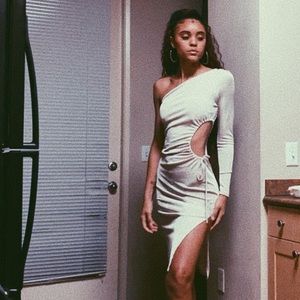 Woman’s FOREVER 21 Dress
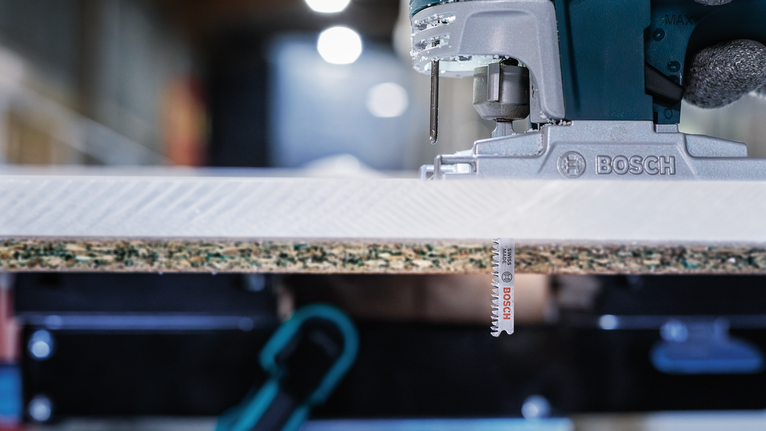 PRO Plastics PMMA clean T102BF 직쏘날, 92mm, 5개 적층 목재를 절단하는 전동 톱입니다.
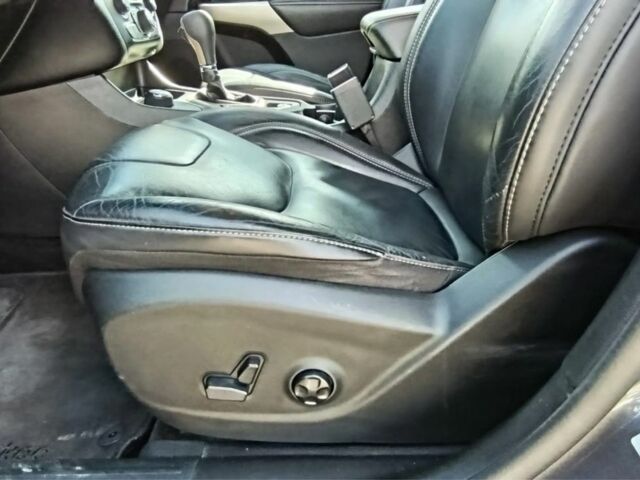 Чорний Джип Cherokee, об'ємом двигуна 2.4 л та пробігом 128 тис. км за 11200 $, фото 11 на Automoto.ua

################

**Work instructions**
With the pictures left out, transcribe the material exactly.

**Task answer**
 Woman’s FOREVER 21 Dress
 PRO Plastics PMMA clean T102BF 직쏘날, 92mm, 5개 적층 목재를 절단하는 전동 톱입니다.
 Чорний Джип Cherokee, об'ємом двигуна 2.4 л та пробігом 128 тис. км за 11200 $, фото 11 на Automoto.ua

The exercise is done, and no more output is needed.